In part two of our guide to shoemaking materials, we look at smooth calf leather – a much more complicated material than you might think…

Material World: Understanding Smooth Calf

Have you ever wondered why some shoes crack, or lose their shape quicker than others?

The answer almost always lies in the quality of leather a shoemaker uses. All the leather a tannery produces is graded, and there are commonly eight different grades of material to choose from; from ‘A Grade’ or ‘Top Grade’ right the way down to third rate material that isn’t appropriate for shoemaking.

At Crockett & Jones, we only use ‘A’ grade skins, and they are always aniline tanned full-grain leathers. We know this sounds technical, so let’s break this down.

Full grain leather is (to quote our Head Leather Buyer, Steve), ‘a fine quality material where the leather’s natural pore structure or “grain” is healthy, and is left untouched. This material will then be tanned with aniline dyes to bring out its natural characteristics and depth of colour.’

For these reasons, we restrict the use of corrected leathers during product development. There are a couple of options in the collection but 99% of Crockett & Jones’ leathers are full-grain calf or calf grain. There are no plans on changing this line of thinking whilst we are in the firm belief that you cannot make fine shoes without a fine upper leather. In fact, we’re such sticklers for quality that some of the tanneries we choose to work with (and we only work with the best European tanneries) can only provide us with five or six ‘A’ grade leather skins for every 100 hides they process. This adds a fair amount of time and cost to our manufacturing process, but it makes for better shoes.

That’s not the only thing that elevates our smooth leathers, either. Even with A grade skins, we only use those parts of the hide that are free from growth marks, visible veins or hair follicles that mark weak spots in the material. On some skins we might only be able to use 50 per cent of the leather. Imperfections always show up under aniline dyes, and on lighter coloured shoes like our Tan Antique Egerton Oxfords or Balfour Derbies, you’d spot these flaws straight away.
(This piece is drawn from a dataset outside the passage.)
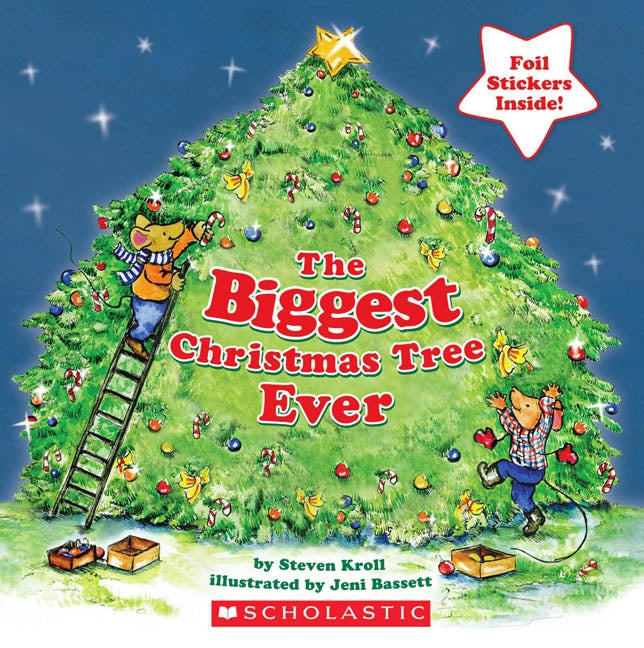 Livre The Biggest Christmas Tree Ever (Steven Kroll) (Livre d'occasion) - ISBN 0545121191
Our ‘Clickers’ must skillfully cut each skin for the best possible efficiency, minimising wastage as much as they can without sacrificing quality.

When we are producing smooth calf shoes, we’re also looking for material that has a ‘fine break’. There’s a saying in the industry: ‘the break of the leather’, which refers to creases made as the leather naturally flexes time and time again as it is worn. Of course, all shoes take a huge amount of punishment as they’re worn day-to-day, open to the elements. Only the finest full-grain leather, if cared for well, will continue to spring back and hold its shape over time, so Steve always looks for ‘a good clean break’ in our leathers.

Really, it’s not rocket science; when it comes to smooth calf shoes, full-grain calf wins hands down, every time. That’s why we use it, and why your C&J shoes will be with you for years to come, without fail.